Instructions to follow:
Print the listing below a second time, exactly, and omit its images.

Information supplied:
◆ ◆ ◆ ◆ ◆

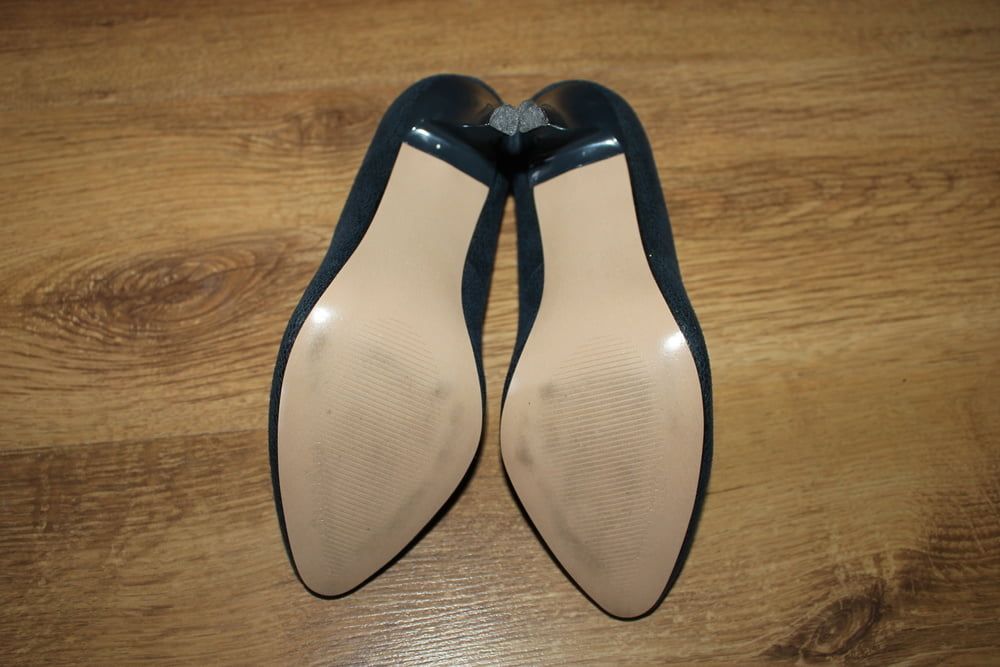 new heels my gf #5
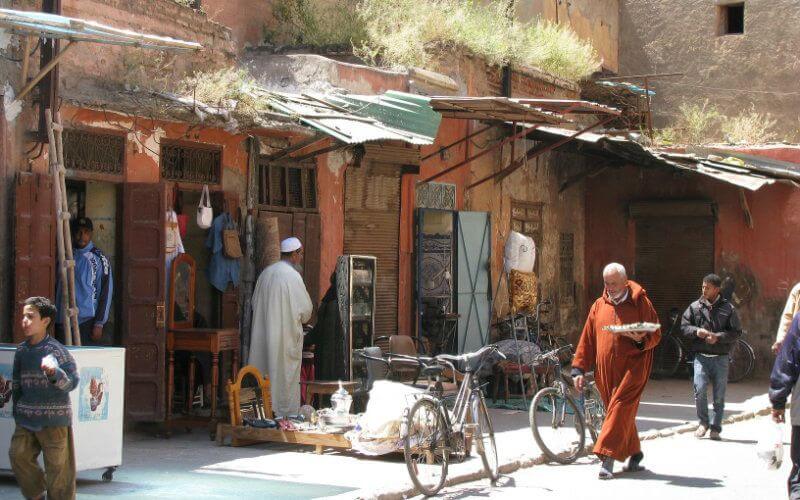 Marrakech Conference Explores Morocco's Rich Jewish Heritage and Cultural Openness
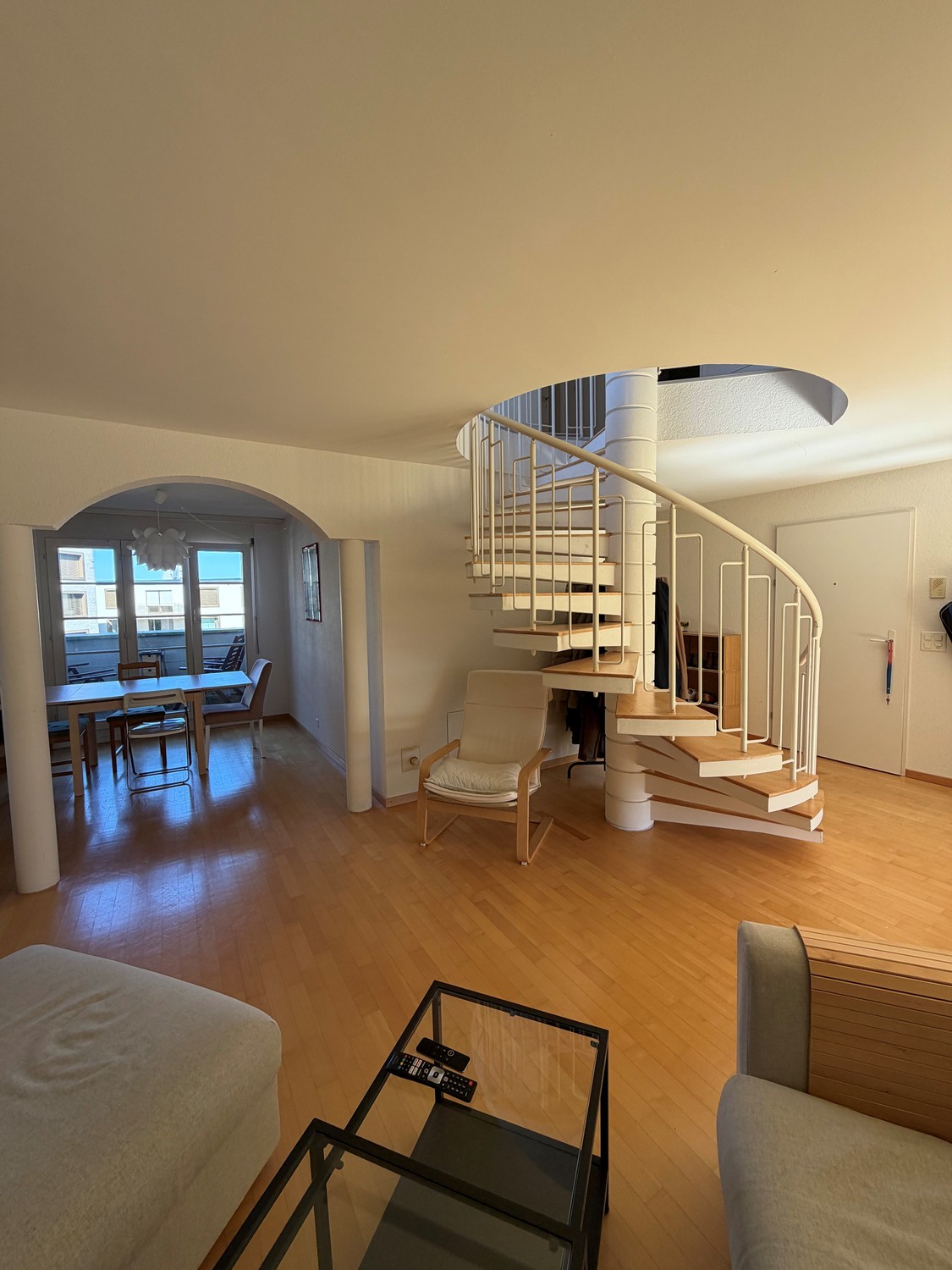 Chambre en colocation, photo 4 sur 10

◆ ◆ ◆ ◆ ◆

Your response:
 new heels my gf #5
 Marrakech Conference Explores Morocco's Rich Jewish Heritage and Cultural Openness
 Chambre en colocation, photo 4 sur 10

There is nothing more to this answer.